La Dynamique des femmes pour la bonne gouvernance (DYFEGOU) dénonce la criminalité urbaine qui prend une ampleur inquiétante dans la ville de Butembo, Nord-Kivu, province sous état de siège. Dans une déclaration forte rendue publique jeudi 8 janvier, après l’assassinat de deux personnes, dont un officier de la police par des bandits armés la soirée de mercredi 7 janvier, cette structure féminine critique vivement l’efficacité de cette gouvernance exceptionnelle, dont la mission principale est le rétablissement de la paix et de la sécurité.
Pour la DYFEGOU, l’état de siège est une mesure à bout de souffle qui traduit l’incapacité manifeste de l’État à assurer la protection de ses citoyens. Elle dénonce un régime exceptionnel qui peine à mettre fin à l’activisme des détenteurs illégaux d’armes, dont certains entretiennent la criminalité dans les milieux urbains.

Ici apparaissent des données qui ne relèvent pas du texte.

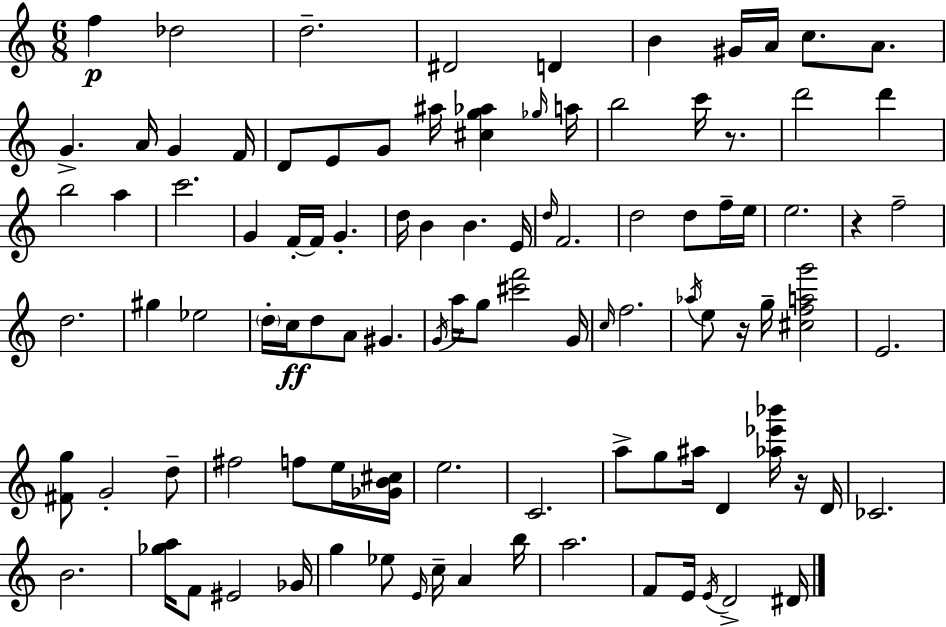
X:1
T:Untitled
M:6/8
L:1/4
K:Am
f _d2 d2 ^D2 D B ^G/4 A/4 c/2 A/2 G A/4 G F/4 D/2 E/2 G/2 ^a/4 [^cg_a] _g/4 a/4 b2 c'/4 z/2 d'2 d' b2 a c'2 G F/4 F/4 G d/4 B B E/4 d/4 F2 d2 d/2 f/4 e/4 e2 z f2 d2 ^g _e2 d/4 c/4 d/2 A/2 ^G G/4 a/4 g/2 [^c'f']2 G/4 c/4 f2 _a/4 e/2 z/4 g/4 [^cfag']2 E2 [^Fg]/2 G2 d/2 ^f2 f/2 e/4 [_GB^c]/4 e2 C2 a/2 g/2 ^a/4 D [_a_e'_b']/4 z/4 D/4 _C2 B2 [_ga]/4 F/2 ^E2 _G/4 g _e/2 E/4 c/4 A b/4 a2 F/2 E/4 E/4 D2 ^D/4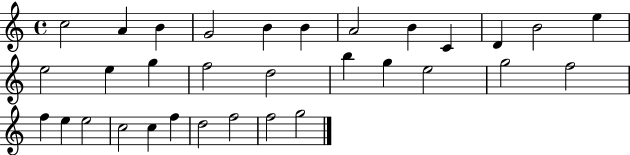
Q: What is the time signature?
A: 4/4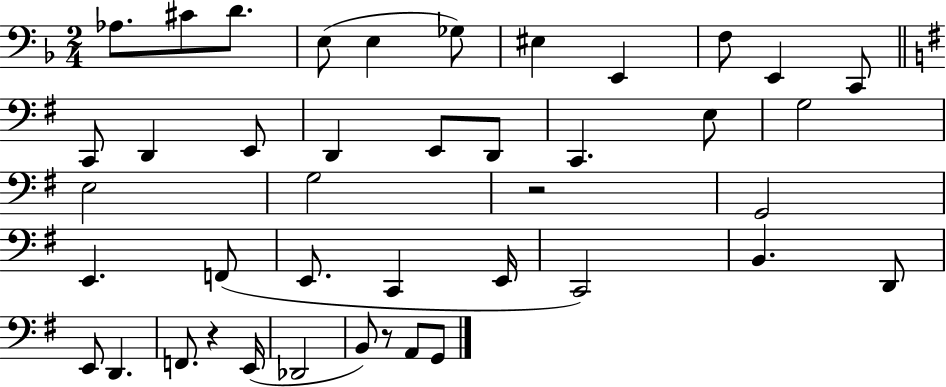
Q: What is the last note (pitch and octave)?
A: G2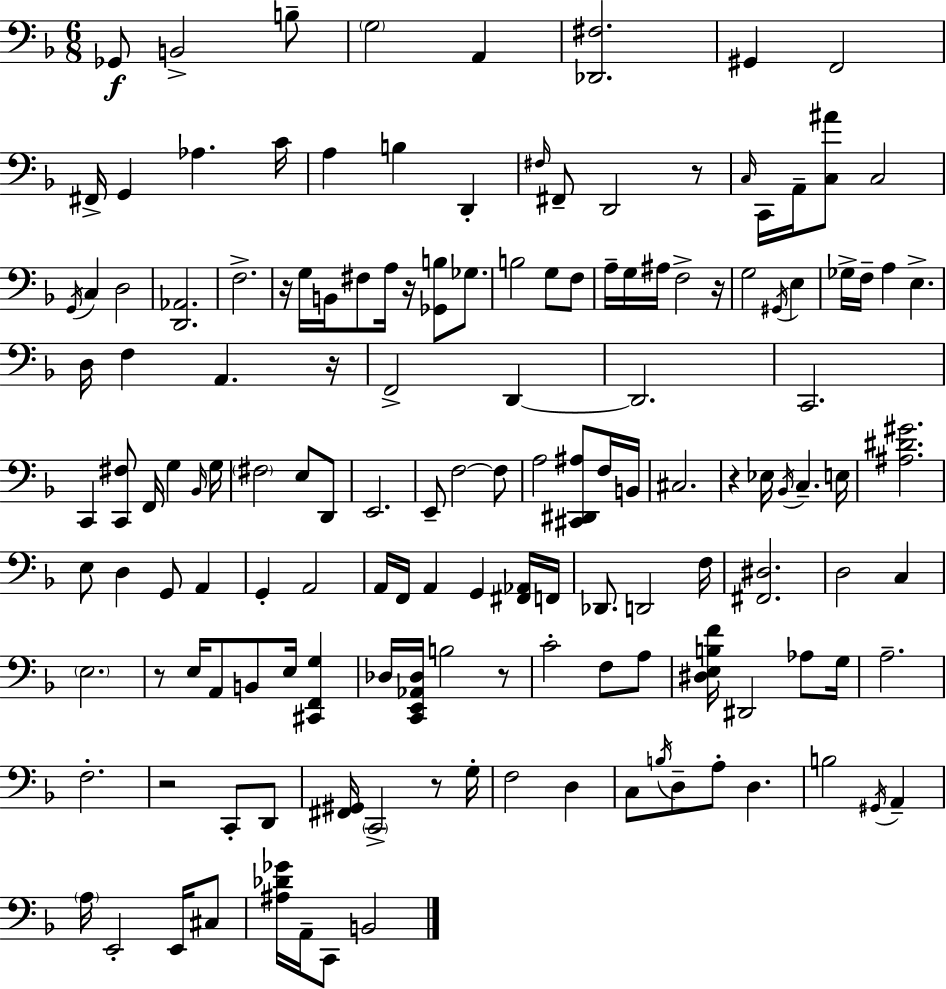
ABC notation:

X:1
T:Untitled
M:6/8
L:1/4
K:Dm
_G,,/2 B,,2 B,/2 G,2 A,, [_D,,^F,]2 ^G,, F,,2 ^F,,/4 G,, _A, C/4 A, B, D,, ^F,/4 ^F,,/2 D,,2 z/2 C,/4 C,,/4 A,,/4 [C,^A]/2 C,2 G,,/4 C, D,2 [D,,_A,,]2 F,2 z/4 G,/4 B,,/4 ^F,/2 A,/4 z/4 [_G,,B,]/2 _G,/2 B,2 G,/2 F,/2 A,/4 G,/4 ^A,/4 F,2 z/4 G,2 ^G,,/4 E, _G,/4 F,/4 A, E, D,/4 F, A,, z/4 F,,2 D,, D,,2 C,,2 C,, [C,,^F,]/2 F,,/4 G, _B,,/4 G,/4 ^F,2 E,/2 D,,/2 E,,2 E,,/2 F,2 F,/2 A,2 [^C,,^D,,^A,]/2 F,/4 B,,/4 ^C,2 z _E,/4 _B,,/4 C, E,/4 [^A,^D^G]2 E,/2 D, G,,/2 A,, G,, A,,2 A,,/4 F,,/4 A,, G,, [^F,,_A,,]/4 F,,/4 _D,,/2 D,,2 F,/4 [^F,,^D,]2 D,2 C, E,2 z/2 E,/4 A,,/2 B,,/2 E,/4 [^C,,F,,G,] _D,/4 [C,,E,,_A,,_D,]/4 B,2 z/2 C2 F,/2 A,/2 [^D,E,B,F]/4 ^D,,2 _A,/2 G,/4 A,2 F,2 z2 C,,/2 D,,/2 [^F,,^G,,]/4 C,,2 z/2 G,/4 F,2 D, C,/2 B,/4 D,/2 A,/2 D, B,2 ^G,,/4 A,, A,/4 E,,2 E,,/4 ^C,/2 [^A,_D_G]/4 A,,/4 C,,/2 B,,2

“État de siège, un dispositif à bout de souffle. La DYFEGOU dénonce avec gravité l’échec de l’état de siège imposé au Nord-Kivu au nom de la sécurité mais qui, dans les faits, n’a ni neutralisé l’insécurité ni rassuré la population. Pire encore, ce régime exceptionnel s’est vidé de son sens, perdant sa force dissuasive, car les groupes armés et les criminels agissent librement, y compris en pleine ville. L’état de siège n’a pas seulement échoué à sécuriser, il endort la vigilance citoyenne et déplace le débat vers les actions de développement”, a-t-elle affirmé dans sa déclaration.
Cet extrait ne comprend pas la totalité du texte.